Santa Monica, good intentions gone awry, has long offered services that have turned it into a magnet for the homeless. But this part of Santa Monica had somehow avoided tents, overflowing shopping carts, manic rants, human excrement turning sidewalks into fetid obstacle courses, and any other symptom of no-good-deed-goes-unpunished.

Milo said, “Maybe they bribe them to go to Pico,” and tried to nudge the door open.
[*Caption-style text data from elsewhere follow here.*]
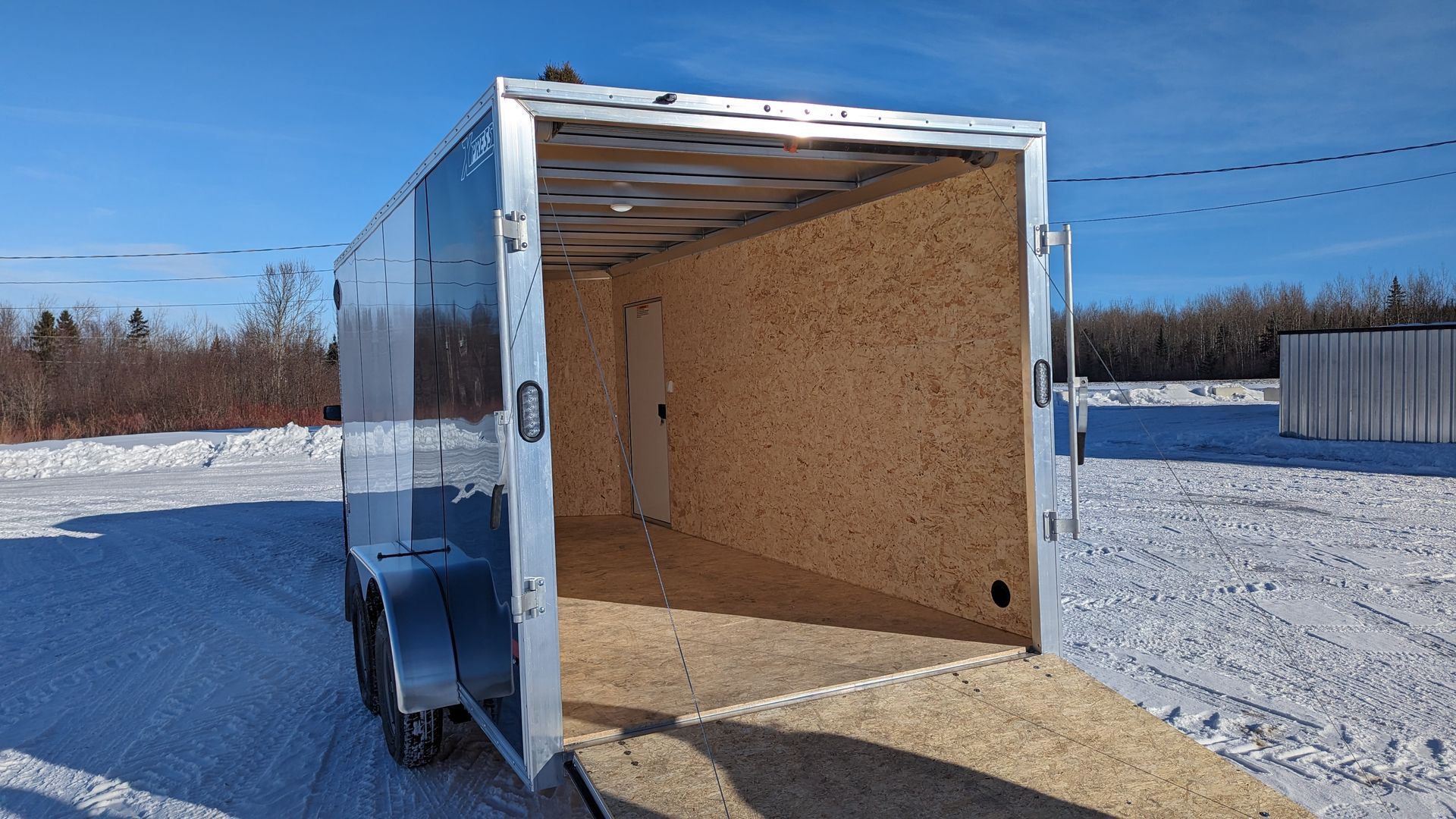 A trailer is parked in the snow with the door open.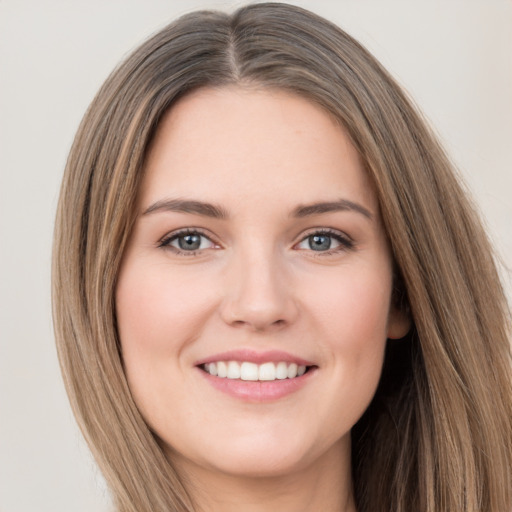 Joyful white young-adult female with long  brown hair and green eyes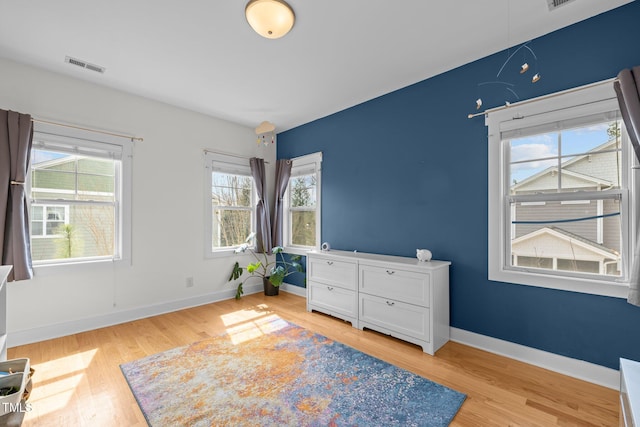 bedroom featuring light wood-style floors, baseboards, multiple windows, and visible vents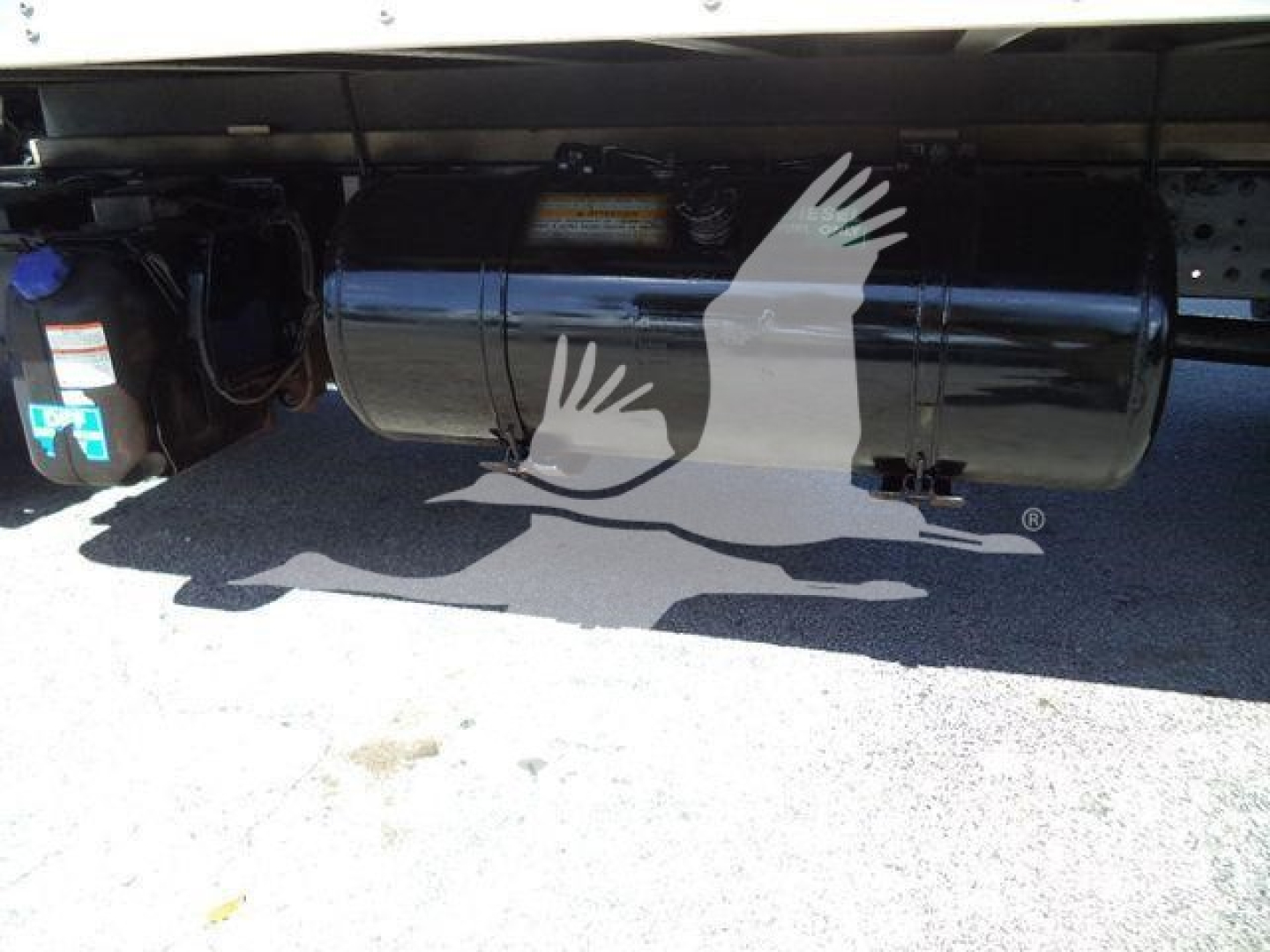 Underbody tank and components of a 2020 Hino 195, showing a cylindrical fuel/wuel tank with black finish and adjacent blue-cap reservoir or filter housing.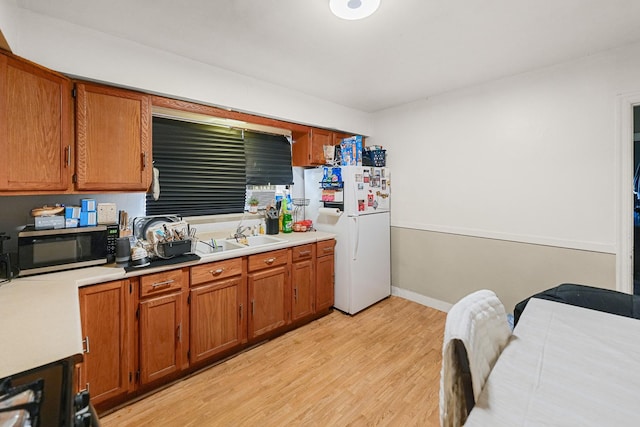 kitchen with stainless steel microwave, light countertops, freestanding refrigerator, and a sink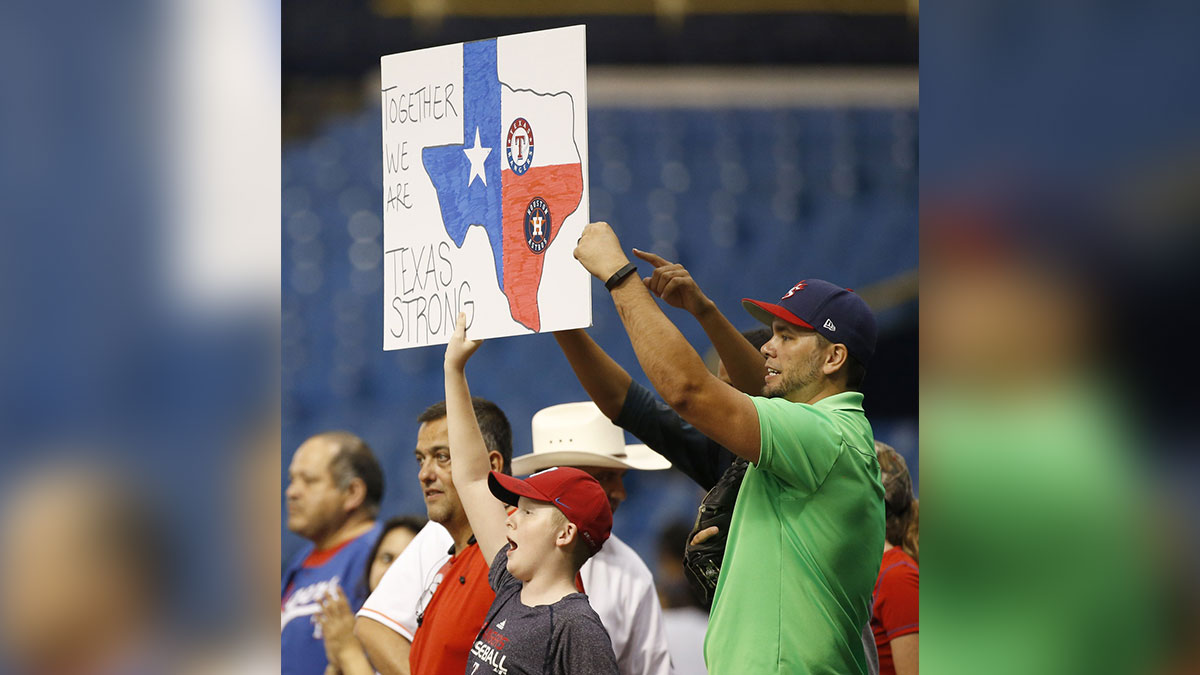 Texas Rangers fans hold a sign saying \"Texas Strong\" for those impacted with Hurricane Harvey in Houston during the eighth inning against the Houston Astros at Tropicana Field.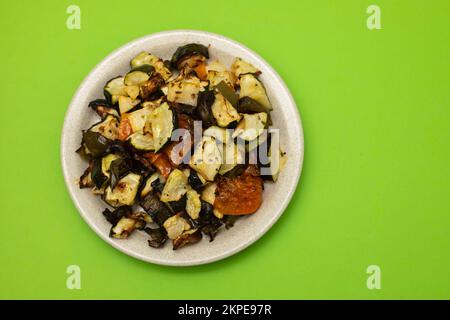 Verdure al forno miste su piatto marrone chiaro sul verde Foto Stock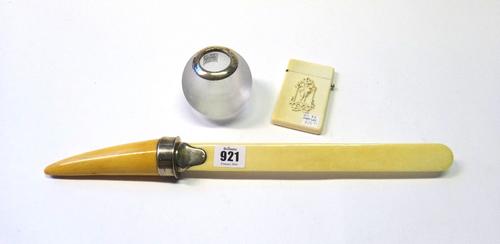 A Victorian ivory and silver mounted page turner, 41cm, a glass and silver mounted match striker of spherical form, 6.5cm high, and a Victorian ivory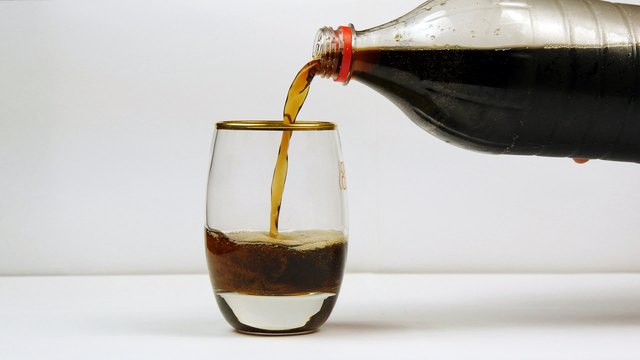 Pouring soda from the bottle into a glass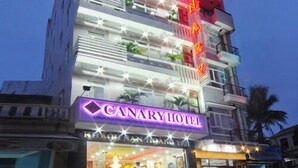A multi-story hotel with a prominent neon sign for "CANARY HOTEL" and balconies with plants. - Canary Hotel Hue (Hue)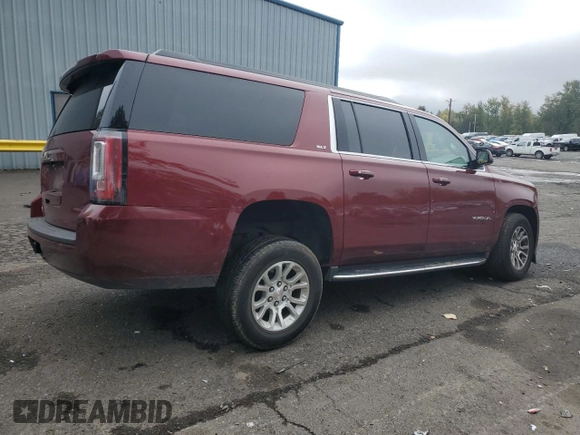 2019 GMC Yukon XL SLT with VIN 1GKS2GKC6KR341781, listed as a Copart auction lot 77468734 with 93,482 mi miles and Salvage Title. Bid and sale history available at DreamBid. Image 3.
Then he noticed a tiny black button to the right, just above bamboo fronds.

If you need to ask…

Five stabs were met with silence.After the sixth, a male voice said, “Yes?”

False curiosity; the camera had swiveled toward us and Milo had offered it a clear view of his badge.

“Police. Could we please come in?”

A beat. “May I ask about what?”

“A client.”

A beat. “May I ask who?”

“Better to talk inside, sir.”

Two beats. “Hold on.”

No click to signal entry. Instead the door swung open and a man stepped out and used his body to prop it ajar.

Bald, stocky, fiftyish, spray-tanned, he wore a black collarless shirt over cream linen pants and sandals.

Black name tag, white lettering.Mikel.

Milo introduced us.

Mikel seemed perplexed as he evaluated the information. Like an antiquated computer straining under the weight of a data storm.

“Okay,” he finally said. “So who are we talking about?”

“Meagin March and Gio Aggiunta.”

“Both of them? You said a client.”

Milo said, “Amend that to clients.”

“I don’t understand.”

“The two of them are dead, sir. Murdered.”

Mikel’s mouth dropped open, revealing small white teeth and a large red tongue. His eyes popped and pigment began squirming beneath the spray tan, creating odd swirls of pallor and flush. As if he’d been dipped in raspberry swirl ice cream.

“How’s that possible?”

“Unfortunately it happened, Mr….”

“Dally. Mikel Dally. I’m the manager. You’re serious—yes, of course you are. Insane. This is such a shock. How did it happen?”

“That’s what we’re trying to figure out.”